I'm trying to run LightGBM with 5-fold cross-validation to predict the first 123 PCs of a plasma metabolite principal component analysis. I'd like to get the R-squared for the best iteration for each outcome, but can't find a direct way to extract it.
As a work-around, I calculated R-squared as the mean squared error divided by the variation in y, but I'm unsure if this is an appropriate way to do so. Is the MSE reflective only of the model fit on the held out fold or the entire dataset? If it's only for the held-out fold, then variation in y calculated using the entire dataset seems inappropriate to use. Thanks!
##############
#Loop for 5-fold Cross Validation of plasma metabolite PCs LightGBM
#extract the MSE to calculate R-squared
#Overall Model
#create needed datasets and lists
dat_x =as.matrix(plasma_pca_pred[, 124:ncol(plasma_pca_pred)])
mse.cv <- NULL
r_sq.cv <- NULL
#running in a loop for each included plasma PC
for (i in 1:123) {
#subset data to metabolite for testing & all predictors
dat_y.i = as.numeric(plasma_pca_pred[,i])

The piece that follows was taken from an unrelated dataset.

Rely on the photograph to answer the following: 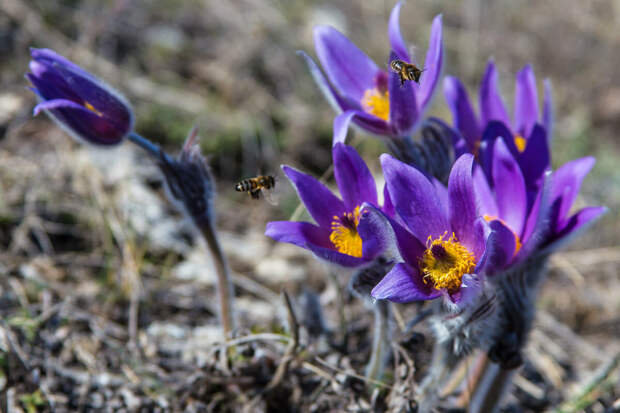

dat.i = lgb.Dataset(dat_x, label = dat_y.i)
light_gbn.cv <- lgb.cv(
params = list(
objective = "regression",
metric = "l2",
max_depth = 5,
num_leaves =25,
min_data_in_leaf=15,
num_iterations = 200,
early_stopping_rounds=100,
learning_rate = .005,
feature_fraction = .2,
bagging_fraction = 0.8,
bagging_freq=1,
num_threads=2,
verbosity=-1),
data=dat.i,
nfold=5L)
mse.cv[i] <- light_gbn.cv$best_score #MSE
r_sq.cv[i] <- 1 - mse.cv[i]/var(dat_y.i) #r-squared
}
r_sq.cv